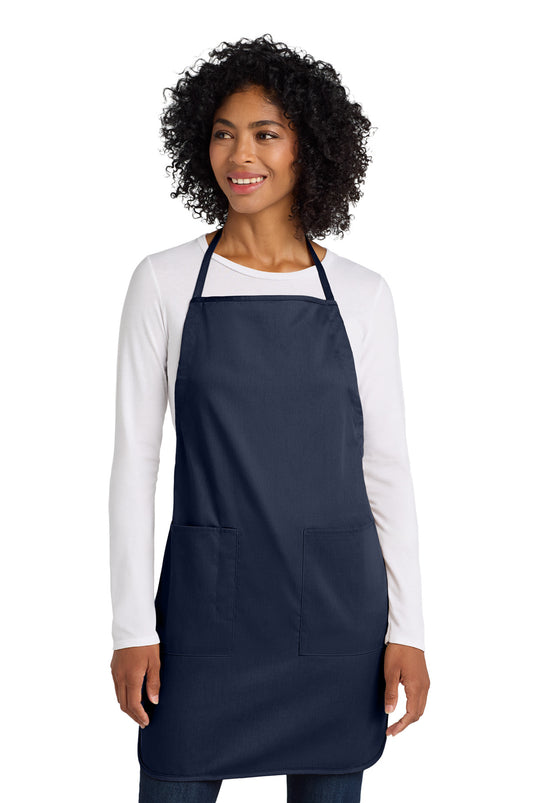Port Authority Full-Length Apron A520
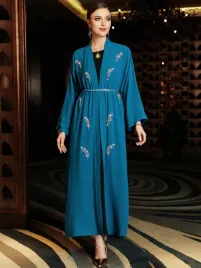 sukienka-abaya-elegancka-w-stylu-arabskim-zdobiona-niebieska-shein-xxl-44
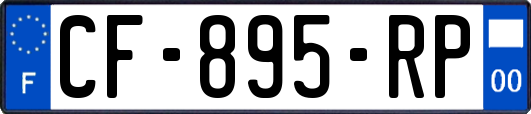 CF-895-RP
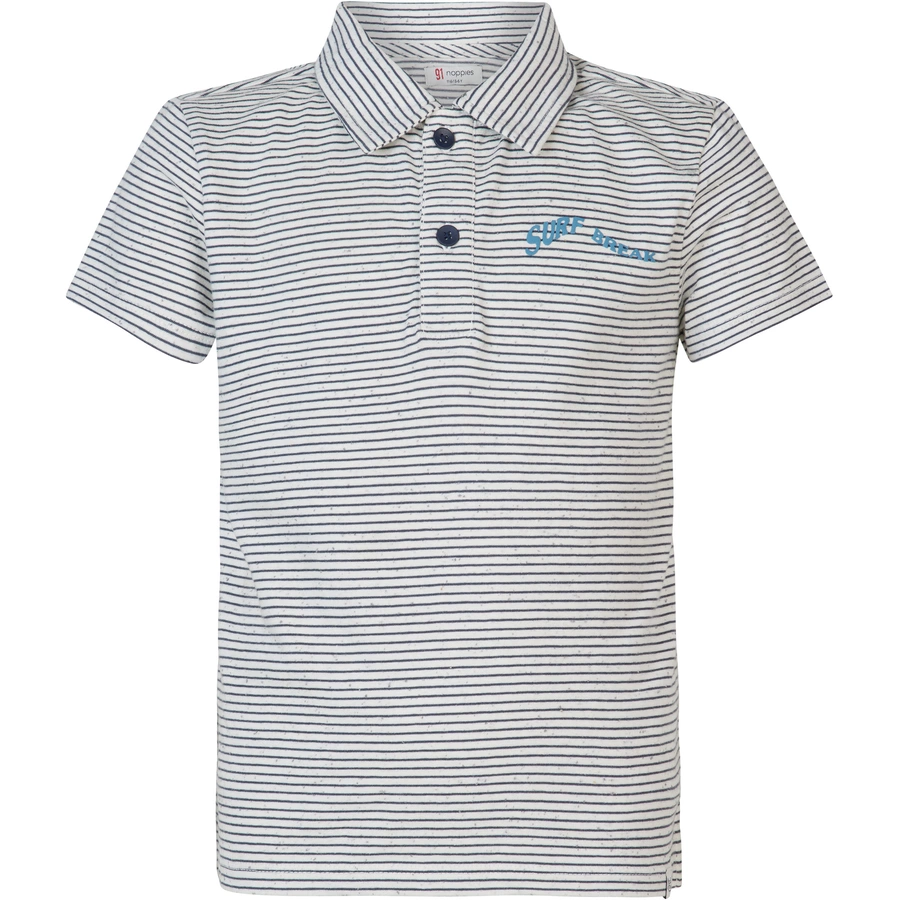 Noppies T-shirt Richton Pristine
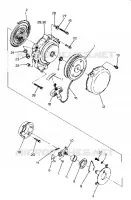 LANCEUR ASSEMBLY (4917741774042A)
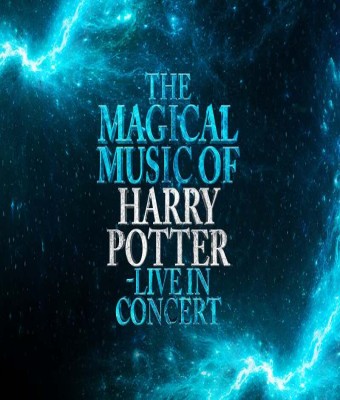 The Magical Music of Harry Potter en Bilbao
-----
THE PROBLEM:
From first line to last, return the records verbatim without their pictures.

EXERCISE RESPONSE:
Port Authority Full-Length Apron A520
 sukienka-abaya-elegancka-w-stylu-arabskim-zdobiona-niebieska-shein-xxl-44
 CF-895-RP
 Noppies T-shirt Richton Pristine
 LANCEUR ASSEMBLY (4917741774042A)
 The Magical Music of Harry Potter en Bilbao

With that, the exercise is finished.